Reading Commentary 9/24
Reading Commentary for 9/24 1) “Big? Smart? Messy? Clean? Data in the Humanities” by Christof Schöch
I was surprised by how much this piece challenged my existing thoughts. Even in the first page, I had to rethink which resources and objects I consider ‘data,’ which I found to be a valuable exercise. I’m also excited to read more about Drucker’s idea of ‘capta,’ as it seems necessary for the framework we’re establishing here. That said, I didn’t find it entirely necessary for the two ‘kinds’ of data to be spelled out as separate ideas, as the eventual conclusion was that there needs to be a type of data that can be bigger and smarter. I do see how it is important to consider those two aspects of data, and which aspect we prioritize when we create a tool or work with data. I especially liked, in the elaboration of big data, when he wrote “What really counts, however, from my point of view, is less the volume than the methods used for analysis. And these can be successfully applied to smaller sets of data as well…” This point helped to emphasize the actual important aspects of big data. When he writes “I believe the most interesting challenge for the next years when it comes to dealing with data in the humanities will be able to transgress this opposition of smart and big data,” I was curious about whether this is a challenge specific to the humanities, or whether Schöch would consider this a necessary step for other fields as well.

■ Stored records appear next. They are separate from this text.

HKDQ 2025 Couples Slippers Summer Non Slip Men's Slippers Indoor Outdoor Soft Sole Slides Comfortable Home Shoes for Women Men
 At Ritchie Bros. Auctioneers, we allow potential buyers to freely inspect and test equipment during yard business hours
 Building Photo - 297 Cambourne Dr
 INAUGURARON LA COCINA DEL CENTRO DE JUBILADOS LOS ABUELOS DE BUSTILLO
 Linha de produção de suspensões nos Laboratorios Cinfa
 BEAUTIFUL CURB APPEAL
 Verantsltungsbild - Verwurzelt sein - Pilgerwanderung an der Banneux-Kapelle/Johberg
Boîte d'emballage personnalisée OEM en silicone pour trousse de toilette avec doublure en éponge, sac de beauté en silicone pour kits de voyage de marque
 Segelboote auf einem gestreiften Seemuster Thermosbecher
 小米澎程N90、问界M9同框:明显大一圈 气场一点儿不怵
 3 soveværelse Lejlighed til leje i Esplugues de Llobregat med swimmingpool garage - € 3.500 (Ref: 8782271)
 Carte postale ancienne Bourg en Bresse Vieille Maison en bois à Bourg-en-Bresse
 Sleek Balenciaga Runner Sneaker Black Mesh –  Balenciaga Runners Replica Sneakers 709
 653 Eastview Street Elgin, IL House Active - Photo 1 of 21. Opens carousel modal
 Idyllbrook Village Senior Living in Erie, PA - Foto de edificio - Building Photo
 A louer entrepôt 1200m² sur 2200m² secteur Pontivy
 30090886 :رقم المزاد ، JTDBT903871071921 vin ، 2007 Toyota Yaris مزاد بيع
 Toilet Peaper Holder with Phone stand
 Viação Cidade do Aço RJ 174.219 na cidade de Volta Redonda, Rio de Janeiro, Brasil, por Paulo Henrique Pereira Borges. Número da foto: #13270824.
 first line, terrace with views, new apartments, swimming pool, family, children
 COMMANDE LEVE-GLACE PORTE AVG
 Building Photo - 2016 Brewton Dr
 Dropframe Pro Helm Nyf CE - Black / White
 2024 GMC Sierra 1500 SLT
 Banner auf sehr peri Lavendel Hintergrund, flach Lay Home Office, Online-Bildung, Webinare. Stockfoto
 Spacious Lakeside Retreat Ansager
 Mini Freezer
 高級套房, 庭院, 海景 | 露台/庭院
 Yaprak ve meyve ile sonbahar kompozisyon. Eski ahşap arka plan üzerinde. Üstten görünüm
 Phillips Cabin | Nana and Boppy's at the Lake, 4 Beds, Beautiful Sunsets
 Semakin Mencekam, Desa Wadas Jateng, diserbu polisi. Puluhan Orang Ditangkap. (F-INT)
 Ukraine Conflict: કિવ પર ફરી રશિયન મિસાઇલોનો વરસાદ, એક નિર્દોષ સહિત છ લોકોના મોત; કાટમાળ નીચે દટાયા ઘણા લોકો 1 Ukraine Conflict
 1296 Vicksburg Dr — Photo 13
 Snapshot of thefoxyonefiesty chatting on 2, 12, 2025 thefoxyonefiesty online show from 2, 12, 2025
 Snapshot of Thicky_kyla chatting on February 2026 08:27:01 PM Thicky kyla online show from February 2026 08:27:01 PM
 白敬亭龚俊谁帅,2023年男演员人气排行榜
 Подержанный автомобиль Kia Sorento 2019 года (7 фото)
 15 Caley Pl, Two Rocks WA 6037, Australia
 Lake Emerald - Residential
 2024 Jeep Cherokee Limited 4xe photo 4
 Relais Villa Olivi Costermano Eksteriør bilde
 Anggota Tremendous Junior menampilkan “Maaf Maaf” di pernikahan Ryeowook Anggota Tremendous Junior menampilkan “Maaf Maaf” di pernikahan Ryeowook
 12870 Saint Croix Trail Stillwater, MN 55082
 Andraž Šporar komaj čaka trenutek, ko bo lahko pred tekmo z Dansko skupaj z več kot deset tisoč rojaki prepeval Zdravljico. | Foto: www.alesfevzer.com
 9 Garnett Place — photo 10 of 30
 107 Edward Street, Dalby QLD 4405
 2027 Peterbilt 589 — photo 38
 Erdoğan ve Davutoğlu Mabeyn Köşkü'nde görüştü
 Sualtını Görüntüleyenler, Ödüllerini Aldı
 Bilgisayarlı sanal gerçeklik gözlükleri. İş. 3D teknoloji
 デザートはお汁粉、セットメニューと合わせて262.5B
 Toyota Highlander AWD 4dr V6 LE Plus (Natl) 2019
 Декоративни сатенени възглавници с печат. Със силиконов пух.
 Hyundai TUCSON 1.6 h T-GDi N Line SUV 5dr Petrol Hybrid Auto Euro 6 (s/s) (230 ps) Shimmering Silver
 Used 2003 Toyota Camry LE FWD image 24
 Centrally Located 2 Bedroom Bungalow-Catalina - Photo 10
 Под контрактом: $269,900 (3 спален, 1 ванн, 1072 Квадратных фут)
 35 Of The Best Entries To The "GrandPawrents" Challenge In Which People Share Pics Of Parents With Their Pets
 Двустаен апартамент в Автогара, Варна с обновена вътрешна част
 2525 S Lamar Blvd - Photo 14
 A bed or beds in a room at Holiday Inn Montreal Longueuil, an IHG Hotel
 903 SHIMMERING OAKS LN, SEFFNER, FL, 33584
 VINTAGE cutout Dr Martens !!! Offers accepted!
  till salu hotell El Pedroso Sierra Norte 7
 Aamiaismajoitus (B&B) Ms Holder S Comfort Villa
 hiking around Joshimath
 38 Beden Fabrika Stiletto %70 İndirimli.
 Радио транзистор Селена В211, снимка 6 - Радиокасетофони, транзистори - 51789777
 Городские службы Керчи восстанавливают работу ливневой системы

2) “Humanities Data: A Necessary Contraditiction” by Miriam Posner
I appreciated the way in which Posner felt very honest about the ways in which humanists work- for example, she writes “humanists have a very different way of engaging with evidence than most scientists or even social scientists. And we have different ways of knowing things than people in other fields.” She elaborates that humanists are often able to draw conclusions by deep immersion in source material, instead of with traditional notions of ‘data.’ Frequently, I’ve found that humanists will try and explain their work in other fields’ terms or in terms that make their work appealing to others in their fields. Of course, Posner made her case for humanistic inquiry very well, but doing so did not necessitate portraying her work through the lens of others’ fields. I really appreciated her very accessible example that centered around silent film; I think it demonstrated very clearly how humanists (tend to) think, which I feel points to her conclusion (about another example) that “it’s quantitative evidence that seems to show something, but it’s the scholar’s knowledge of the surrounding debates and historiography that give this data any meaning. It requires a lot of interpretive work.” I also found it important that she emphasized not only the strengths humanists can provide to data science, but also the help that they will need- not only from data scientists, but also from librarians! I thought she very clearly and accurately laid out (some of) the problems facing humanists who work with data, and I’m curious to see if we consider any of them to be addressed in any way in the last three years or solvable in the future. Her final paragraph begins with “It requires some real soul-searching about what we think data actually is and its relationship to reality itself; where is it completely inadequate, and what about the world can be broken into pieces and turned into structured data?” I think this is an important question for us going forward.